We all remember proofs from high school math classes. They would give you some figure and tell you to prove that it is the same as something else. You would then have to go through a series of definitions and identities and rules to lead from one step to the next until the path led from the first figure to solution they demanded. Such activities sucked unless you were a math geek.
The sucky part didn’t come from the proof part as much as the math part. If you aren’t a math geek then you didn’t know all the rules to make the proof easy. The proof idea can be applied to other things. What is your hobby? Given your hobby, you could probably prove something about it fairly easily because you know the rules. That’s just like when the math geek knows all the rules about math.
To illustrate the use of the proof on fiction, I’ll use a generic fairy tale. Here’s the problem: the witch has cursed a princess. End the end, the princess lives happily ever after. That doesn’t seem a likely series of events, so prove it.
By definition, a curse will prevent the sufferer from living happily ever after. This means that the princess cannot live happily ever after in her current state.
Also, by definition, fairy tale princesses attract fairy tale princes. Since cursed princesses require more effort and risk, they are more likely to attract capable and brave princes who should be able to deal with the situation. (NOTE: It is true that the princes are attracted to princesses and this includes all fairy tale princes. However, some princes, on seeing the amount of work required by a cursed princess will decide that other, non-cursed princesses may be more economical. More princes yet may attempt to pursue the cursed princess but not be capable of success. This is shown by the presence of skulls, skeletons, and assorted haunts experienced by approaching knights and princes. Presumably these scary items are the remains of less competent warriors.)
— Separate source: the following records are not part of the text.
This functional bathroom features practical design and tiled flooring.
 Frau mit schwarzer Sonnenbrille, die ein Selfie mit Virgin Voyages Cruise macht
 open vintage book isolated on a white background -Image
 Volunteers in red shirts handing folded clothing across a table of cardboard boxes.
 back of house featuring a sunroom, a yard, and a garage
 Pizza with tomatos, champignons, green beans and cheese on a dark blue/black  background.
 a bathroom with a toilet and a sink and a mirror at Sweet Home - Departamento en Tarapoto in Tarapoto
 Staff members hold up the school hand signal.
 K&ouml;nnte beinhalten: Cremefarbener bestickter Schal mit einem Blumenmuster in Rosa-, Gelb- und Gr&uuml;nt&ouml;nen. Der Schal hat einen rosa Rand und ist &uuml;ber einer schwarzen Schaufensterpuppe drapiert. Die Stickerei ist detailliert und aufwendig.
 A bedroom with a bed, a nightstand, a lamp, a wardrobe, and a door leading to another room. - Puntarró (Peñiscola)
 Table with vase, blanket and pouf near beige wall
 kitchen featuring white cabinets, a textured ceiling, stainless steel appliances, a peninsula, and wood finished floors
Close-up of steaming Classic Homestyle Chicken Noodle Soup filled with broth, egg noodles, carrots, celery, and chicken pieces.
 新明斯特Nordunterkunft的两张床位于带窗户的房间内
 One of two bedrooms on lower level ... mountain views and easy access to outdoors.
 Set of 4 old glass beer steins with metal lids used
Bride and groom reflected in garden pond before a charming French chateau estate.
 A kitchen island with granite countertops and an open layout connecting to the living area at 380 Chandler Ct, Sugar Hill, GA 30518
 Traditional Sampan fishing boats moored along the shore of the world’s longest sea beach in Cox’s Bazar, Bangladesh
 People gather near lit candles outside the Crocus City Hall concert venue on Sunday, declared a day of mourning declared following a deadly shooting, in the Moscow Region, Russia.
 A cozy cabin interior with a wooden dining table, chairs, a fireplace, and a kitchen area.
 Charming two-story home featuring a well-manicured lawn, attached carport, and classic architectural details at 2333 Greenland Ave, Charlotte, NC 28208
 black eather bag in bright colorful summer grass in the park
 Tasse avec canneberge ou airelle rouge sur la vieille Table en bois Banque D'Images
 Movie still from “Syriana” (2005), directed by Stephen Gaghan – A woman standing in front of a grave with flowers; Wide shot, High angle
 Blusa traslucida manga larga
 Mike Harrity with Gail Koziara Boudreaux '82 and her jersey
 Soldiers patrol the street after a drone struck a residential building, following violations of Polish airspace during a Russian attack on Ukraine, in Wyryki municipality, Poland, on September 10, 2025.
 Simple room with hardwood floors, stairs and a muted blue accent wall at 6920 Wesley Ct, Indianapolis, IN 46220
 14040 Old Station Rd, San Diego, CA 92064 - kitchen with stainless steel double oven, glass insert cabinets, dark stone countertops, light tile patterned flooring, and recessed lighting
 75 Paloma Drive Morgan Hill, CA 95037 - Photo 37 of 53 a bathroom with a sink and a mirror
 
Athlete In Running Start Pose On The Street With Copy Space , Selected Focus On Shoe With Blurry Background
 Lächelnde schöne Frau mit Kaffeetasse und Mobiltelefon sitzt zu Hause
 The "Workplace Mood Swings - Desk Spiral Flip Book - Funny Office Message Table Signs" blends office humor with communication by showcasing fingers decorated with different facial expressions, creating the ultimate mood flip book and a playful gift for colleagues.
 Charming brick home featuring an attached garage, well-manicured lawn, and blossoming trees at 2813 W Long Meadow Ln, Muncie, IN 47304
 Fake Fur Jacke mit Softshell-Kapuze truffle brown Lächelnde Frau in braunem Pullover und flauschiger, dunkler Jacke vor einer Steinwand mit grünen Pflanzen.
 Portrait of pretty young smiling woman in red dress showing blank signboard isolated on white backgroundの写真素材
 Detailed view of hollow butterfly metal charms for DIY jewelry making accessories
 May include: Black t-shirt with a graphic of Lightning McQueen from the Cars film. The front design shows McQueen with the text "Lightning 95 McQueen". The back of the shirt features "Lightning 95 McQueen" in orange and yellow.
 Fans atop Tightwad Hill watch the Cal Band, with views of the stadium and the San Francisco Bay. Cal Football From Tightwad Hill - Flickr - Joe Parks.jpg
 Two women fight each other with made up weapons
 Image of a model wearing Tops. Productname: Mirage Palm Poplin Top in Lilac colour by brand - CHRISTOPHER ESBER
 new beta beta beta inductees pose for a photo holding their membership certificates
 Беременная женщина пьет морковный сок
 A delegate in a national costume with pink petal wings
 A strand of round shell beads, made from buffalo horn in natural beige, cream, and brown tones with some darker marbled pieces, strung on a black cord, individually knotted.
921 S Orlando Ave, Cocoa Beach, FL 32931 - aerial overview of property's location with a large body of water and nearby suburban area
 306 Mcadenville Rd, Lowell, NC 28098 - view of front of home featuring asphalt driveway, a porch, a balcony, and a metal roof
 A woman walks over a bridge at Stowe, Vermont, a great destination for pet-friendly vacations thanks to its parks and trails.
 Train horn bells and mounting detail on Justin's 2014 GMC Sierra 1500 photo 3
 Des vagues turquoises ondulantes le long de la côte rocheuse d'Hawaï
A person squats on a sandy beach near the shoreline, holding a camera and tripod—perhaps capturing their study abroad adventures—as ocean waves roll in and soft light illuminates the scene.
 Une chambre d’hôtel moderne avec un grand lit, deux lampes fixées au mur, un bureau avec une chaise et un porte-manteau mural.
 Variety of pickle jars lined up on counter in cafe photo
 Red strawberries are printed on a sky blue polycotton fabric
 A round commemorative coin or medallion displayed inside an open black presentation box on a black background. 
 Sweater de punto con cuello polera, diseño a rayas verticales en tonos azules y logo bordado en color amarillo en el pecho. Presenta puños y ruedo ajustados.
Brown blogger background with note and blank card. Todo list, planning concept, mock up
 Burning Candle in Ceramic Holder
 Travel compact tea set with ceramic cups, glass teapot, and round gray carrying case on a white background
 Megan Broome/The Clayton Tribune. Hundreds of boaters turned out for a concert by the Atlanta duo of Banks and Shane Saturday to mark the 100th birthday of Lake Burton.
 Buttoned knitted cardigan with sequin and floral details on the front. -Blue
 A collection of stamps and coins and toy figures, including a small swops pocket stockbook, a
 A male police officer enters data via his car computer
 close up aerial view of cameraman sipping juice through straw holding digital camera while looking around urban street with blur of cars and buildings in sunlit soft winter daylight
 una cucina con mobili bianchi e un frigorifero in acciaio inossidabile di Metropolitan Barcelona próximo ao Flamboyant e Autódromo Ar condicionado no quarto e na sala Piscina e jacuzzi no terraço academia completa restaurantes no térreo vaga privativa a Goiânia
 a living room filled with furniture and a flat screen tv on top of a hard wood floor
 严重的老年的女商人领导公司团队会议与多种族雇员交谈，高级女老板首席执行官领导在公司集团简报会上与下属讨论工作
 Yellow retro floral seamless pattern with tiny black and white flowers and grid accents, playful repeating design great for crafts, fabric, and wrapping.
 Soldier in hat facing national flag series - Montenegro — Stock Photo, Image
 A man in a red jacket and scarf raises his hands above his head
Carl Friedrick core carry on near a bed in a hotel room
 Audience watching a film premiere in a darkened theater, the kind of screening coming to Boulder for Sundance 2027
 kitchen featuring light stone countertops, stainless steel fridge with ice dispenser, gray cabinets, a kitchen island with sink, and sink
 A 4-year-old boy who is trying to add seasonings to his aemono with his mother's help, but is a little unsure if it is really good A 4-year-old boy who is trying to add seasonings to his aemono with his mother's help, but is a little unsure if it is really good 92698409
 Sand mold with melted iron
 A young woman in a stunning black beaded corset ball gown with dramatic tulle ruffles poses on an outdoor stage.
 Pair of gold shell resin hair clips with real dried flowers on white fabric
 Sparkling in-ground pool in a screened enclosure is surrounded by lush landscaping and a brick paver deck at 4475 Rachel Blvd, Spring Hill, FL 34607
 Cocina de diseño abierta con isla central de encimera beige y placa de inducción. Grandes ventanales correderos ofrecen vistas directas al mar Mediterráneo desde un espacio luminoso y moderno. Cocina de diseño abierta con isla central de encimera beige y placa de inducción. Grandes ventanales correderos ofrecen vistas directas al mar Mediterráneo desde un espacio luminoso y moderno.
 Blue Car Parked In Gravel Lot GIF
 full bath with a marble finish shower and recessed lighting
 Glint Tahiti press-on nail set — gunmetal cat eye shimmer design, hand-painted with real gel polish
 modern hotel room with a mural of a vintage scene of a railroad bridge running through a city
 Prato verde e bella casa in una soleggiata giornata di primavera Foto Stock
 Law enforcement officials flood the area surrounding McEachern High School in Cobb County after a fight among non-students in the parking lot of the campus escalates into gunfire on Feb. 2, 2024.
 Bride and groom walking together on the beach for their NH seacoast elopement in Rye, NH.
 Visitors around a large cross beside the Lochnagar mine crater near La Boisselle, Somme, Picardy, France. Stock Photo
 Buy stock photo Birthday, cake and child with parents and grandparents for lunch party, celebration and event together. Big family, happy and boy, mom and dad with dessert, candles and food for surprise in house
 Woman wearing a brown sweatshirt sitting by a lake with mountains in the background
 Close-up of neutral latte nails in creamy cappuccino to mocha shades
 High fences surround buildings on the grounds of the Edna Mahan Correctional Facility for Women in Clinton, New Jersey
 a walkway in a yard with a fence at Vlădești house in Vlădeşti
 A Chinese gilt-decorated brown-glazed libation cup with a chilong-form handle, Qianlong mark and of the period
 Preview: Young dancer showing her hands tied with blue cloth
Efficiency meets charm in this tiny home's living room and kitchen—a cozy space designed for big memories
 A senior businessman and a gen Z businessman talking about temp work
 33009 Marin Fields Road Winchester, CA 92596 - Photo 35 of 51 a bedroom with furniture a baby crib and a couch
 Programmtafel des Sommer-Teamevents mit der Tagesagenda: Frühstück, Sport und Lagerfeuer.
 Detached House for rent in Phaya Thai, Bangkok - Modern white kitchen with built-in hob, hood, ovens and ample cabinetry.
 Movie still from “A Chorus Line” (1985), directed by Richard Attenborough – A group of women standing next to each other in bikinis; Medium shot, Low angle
The interaction of the prince and princess will remove the curse. The witch knows this and wishes to prevent it. Since the witch’s power is weak against the prince/princess pair, she will need to try another tactic.
Witches, by definition, perform magic. There is typically an implication that the witch is a wicked with regardless of whether the wicked is stated. (Good witches are always assumed to be good or you wouldn’t go through the effort to specify that she is good.) The ability to cast spells should imply a reasonable amount of intelligence. This is not shown in the manner in which witches typically attempt to destroy the prince.
It has been shown that a witch will attempt to confront a prince through physical barriers and direct combat. Given that princes specialize in combat and that witches do not, there is no good reason for witches to do this. It is hypothesized that witches are insane and just lash out at knights and princes. All of this resolves itself into a law that states: witches will resort to direct physical confrontation if a prince attempts to interact with a cursed princess.
Based on this law, we can see that the witch will do battle with the prince. The prince, who is much more skilled and capable, will defeat the witch. With no witch in the way, the prince can easily reach the princess and once together the curse will be dispelled.
Relying again on definition, the prince and princess will have a fairy tale marriage which, by definition, involves living happily ever after.
There, by using simple definitions, rules, and laws we have created a proof that the cursed princess lived happily ever after.